En dépit de s’être couché la tête lourde la veille, se fut le cœur léger qu’Ifios quitta sa chambre en cette belle matinée ensoleillée. Il paraissait même joyeux, voguant à travers les couloirs du manoir comme s’il y avait toujours habité.

— … bonjour. Ifios, je présume ?
— … !

Cependant, une certaine présence le ramena directement à la réalité. L’adolescent recula d’un pas, incertain. Devant lui, se tenait un énorme reptile, à l’allure draconique. Sous le choc, Ifios balada son regard entre les écailles rugueuses de la créature et ses ‘‘défenses’’ de part et d’autre de sa bouche, ressemblant bien plus à des haches qu’autre chose.

— Tranchodon. Enchanté. Ayons de bons rapports. Au plaisir.

Et le dragon s’en alla dignement, montant un escalier comme un roi, ignorant complètement l’état d’effarement totale d’Ifios. Il lui fallut un très long moment pour faire le lien :

« … c’est… l’Ensar d’Inam… »

Ce n’était que logique. Si Inam était présente, il n’était pas si surprenant de se retrouver nez à nez avec son Ensar. Quoique si. Se retrouver nez à nez avec une créature pouvant littéralement vous trancher en deux et vous avaler dans la foulée pouvait légitimement être qualifié de surprenant. Surtout si cette dite créature était la première ‘‘personne’’ que vous voyez de la journée.
Ifios resta blême pendant de longues minutes, comme si pour lui, le temps s’était subitement arrêté.


 ***

 Que ce soit Eily ou Ifios, toux deux avaient décidément beaucoup de mal à se faire à leur nouvelle vie. En une seule journée, absolument tout avait changé. Ils se retrouvaient tout deux dans une ville inconnue, à habiter dans un manoir inconnu, en compagnie d’inconnus.
Croiser la guerrière Inam, l’imposant Sidon ou le draconique Tranchodon au détour d’un couloir n’était pas très recommandé pour le cœur. Ni Eily, ni Ifios ne pensaient pouvoir s’y faire un jour. Pourtant, aucun d’eux n’avait son mot à dire ; qu’ils le veuillent ou non, c’était désormais leur quotidien.
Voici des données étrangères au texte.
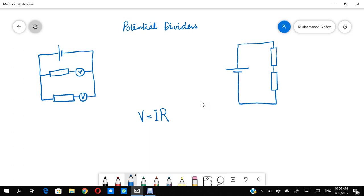I'm making this video on the request of a friend who wanted to understand potential dividers. I haven't explained the remaining part of DC circuits or current electricity, so it will be a bit difficult to jump straight in — just like jumping into the sea without learning to swim. I hope you have a prior understanding of voltage, current, and series and parallel circuits, because without that knowledge it's useless to watch this video.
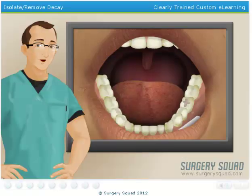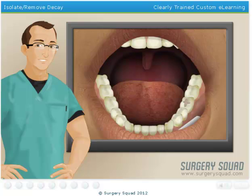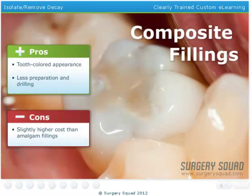Now that the decay has been removed, we need to figure out which type of filling our patient wants: amalgam or composite. Both have their advantages and disadvantages. Amalgam fillings are more durable than composite, but they don't have a tooth-colored appearance like composite fillings, and they often require a larger portion of the tooth to be prepared to retain the filling. Composite fillings are much more aesthetically pleasing and require less drilling than amalgam, but they can be a bit more expensive.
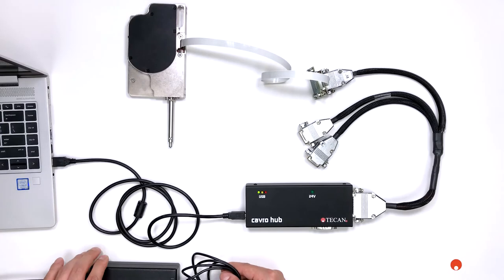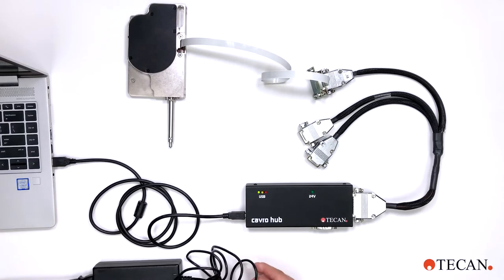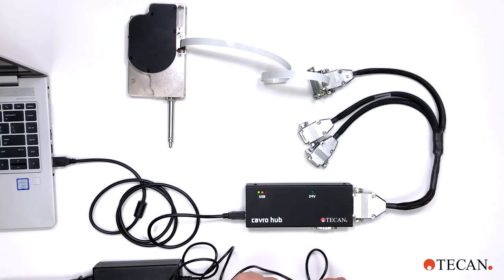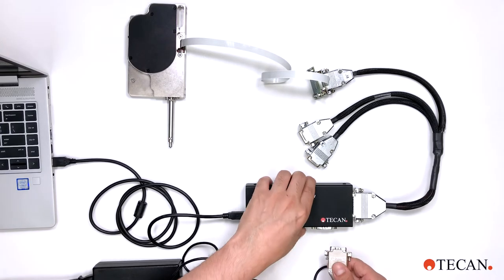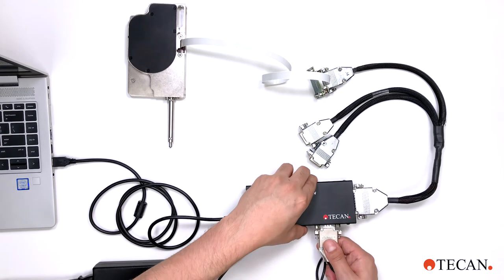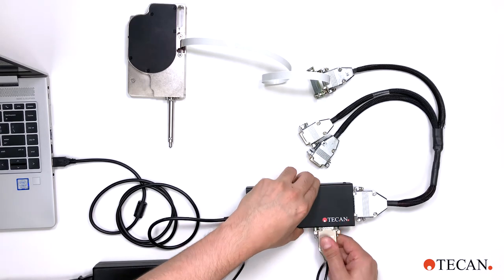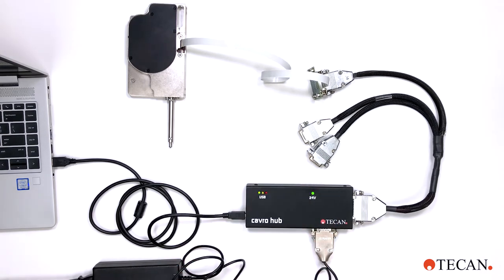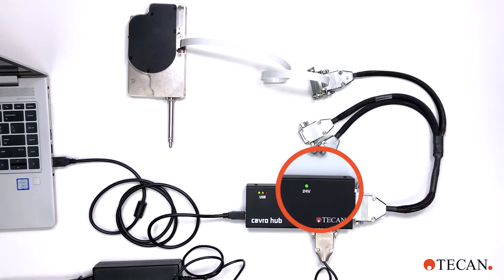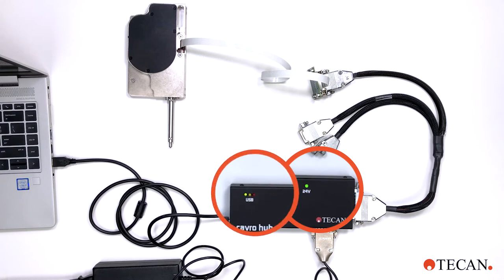Now let's make the power connections. Plug the power cord into the CAVRO hub and then plug the power supply into any standard outlet. A light on the CAVRO hub indicates the power is on. Another light on the hub confirms communication with your PC.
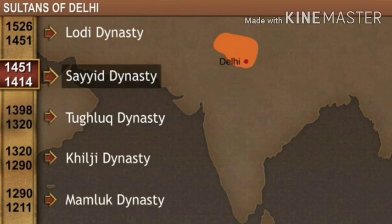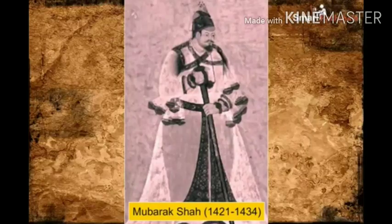Taimur appointed Khizr Khan as the governor of Multan and Sindh and left India. Later, Khizr Khan founded the Sayyid dynasty, which ruled over Delhi from 1414 to 1451 AD. After his death in 1421, the rule of the Sayyid dynasty was taken over by Mubarak Shah.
Un quotidien étrangement banal, d’ailleurs. Mis à part le fait de croiser des guerriers pouvant les tuer en un instant toutes les deux secondes, la journée se déroulait de façon manifestement normale. Il fallait encore se lever le matin, manger son déjeuner et boire de l’eau pour survivre. Rien ne changeait de ce côté-là.
Or, pour manger et boire, encore fallait-il avoir quelques choses à se mettre sous la dent et le gosier. Ce fut pour cette raison qu’Eily, Ifios et Tza étaient de retour en ville, dans le quartier commercial, en compagnie de Rhinolove. Mission de la journée : faire les courses.

— … il fallait vraiment que tu viennes ? pesta Eily.
— J’aime sortir ! répliqua joyeusement l’Ensar chauve-souris.
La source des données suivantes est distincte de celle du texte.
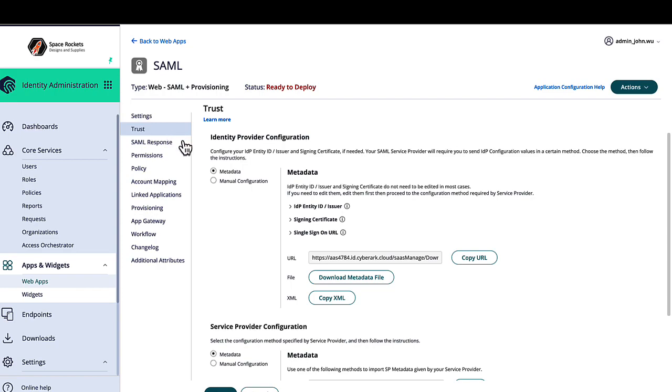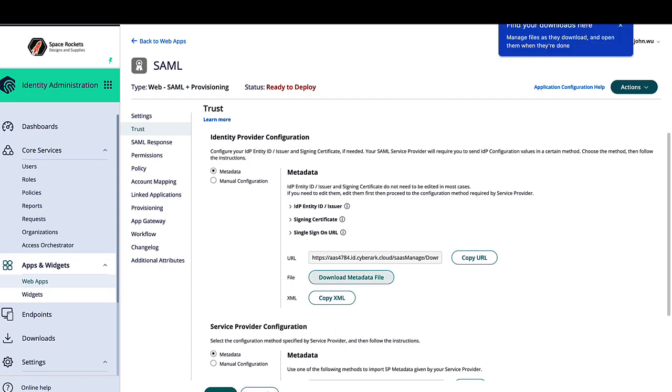Then click on Download Metadata File. Once the file has been downloaded, your file will be ready to be sent to your application vendor.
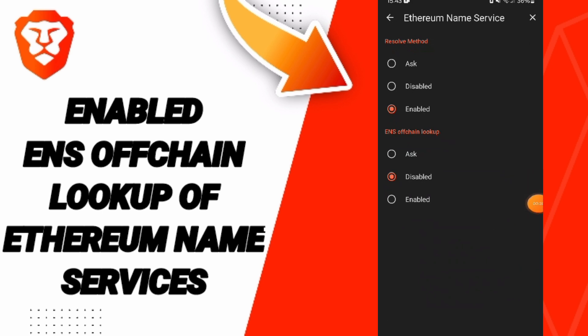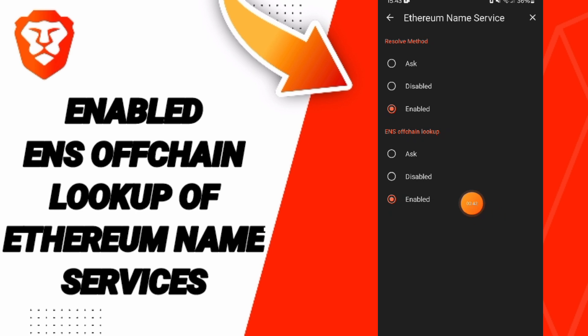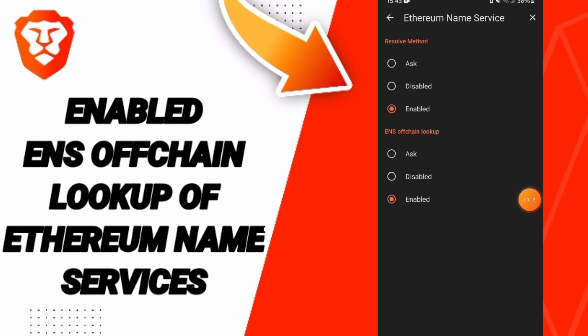Then we click on this toggle. If the switch changes like this, then you now know how to enable the ENS option lookup on the Brave application.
Eily soupira lourdement ; un sentiment que partageait également ses deux camarades. Rhinolove était une véritable célébrité à Aifos, personne ne pouvait l’ignorer. Partout où il passait, il attirait regards et sympathies. Plusieurs passants s’arrêtaient même pour saluer le dynamique Ensar, qui s’amusait en retour à répondre par d’énergétiques coups d’ailes.
Tout ceci attirait une attention monstre, qui déplaisait fortement Eily. Elle n’avait pas l’habitude d’être autant observée.
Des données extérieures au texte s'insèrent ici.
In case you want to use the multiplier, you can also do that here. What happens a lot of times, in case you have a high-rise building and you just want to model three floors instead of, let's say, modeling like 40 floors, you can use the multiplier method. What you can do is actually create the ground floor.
« J’ai l’impression d’être dans un cirque… et du mauvais côté de la barrière… », grommela-t-elle.

Si encore elle était la cible de regard admiratifs ou d’adorations, la demoiselle cyan aurait pu laisser couler. Or, c’était pour la plupart des regards amusés, voire rieurs, qui la mitraillaient. Elle les prenait pour un manque de respect évident. Elle donnerait cher pour pouvoir être invisible, là, maintenant.

— Alors c’est ça, la grande ville…, souffla Ifios.

La veille, l’adolescent était resté faire le ménage au manoir. Contrairement à Eily et Tza, c’était la toute première fois qu’il était ainsi plongé dans Aifos. Y voyant là une occasion de se changer les idées, Eily intervient :

— Et ce n’est que le quartier commercial. Il y a en tout quatre quartiers à Aifos, tous plus spectaculaire les uns que les autres.
— Oooh ! s’enthousiasma Ifios.

Eily sourit. Elle aimait faire étalage de son savoir, surtout face à un ignorant. Cela lui donnait une impression de puissance fort appréciable. Toujours dans le but de flatter son égo, Eily expliqua en long et en large à l’ex-Agrios les fonctionnalités du quartier commercial, sa structure, les magasins recommandés…, bref, tout ce que Tza lui avait présenté la veille. En s’occupant ainsi, Eily parvint l’exploit d’ignorer la gênante foule, toujours exaltée par la présence de Rhinolove.

Une fois que la demoiselle cyan eut fini de fanfaronner, elle laissa Ifios s’extasier tout seul devant chaque boutique qu’il voyait. Eily trouvait cette attitude quelque peu ridicule ; bien qu’elle avait réagi de la même façon lors de sa première visite.
Décidant d’ignorer le comportement enfantin d’Ifios, la demoiselle cyan se tourna vers la véritable enfant du groupe – enfant qui pourtant menant la marche comme une adulte.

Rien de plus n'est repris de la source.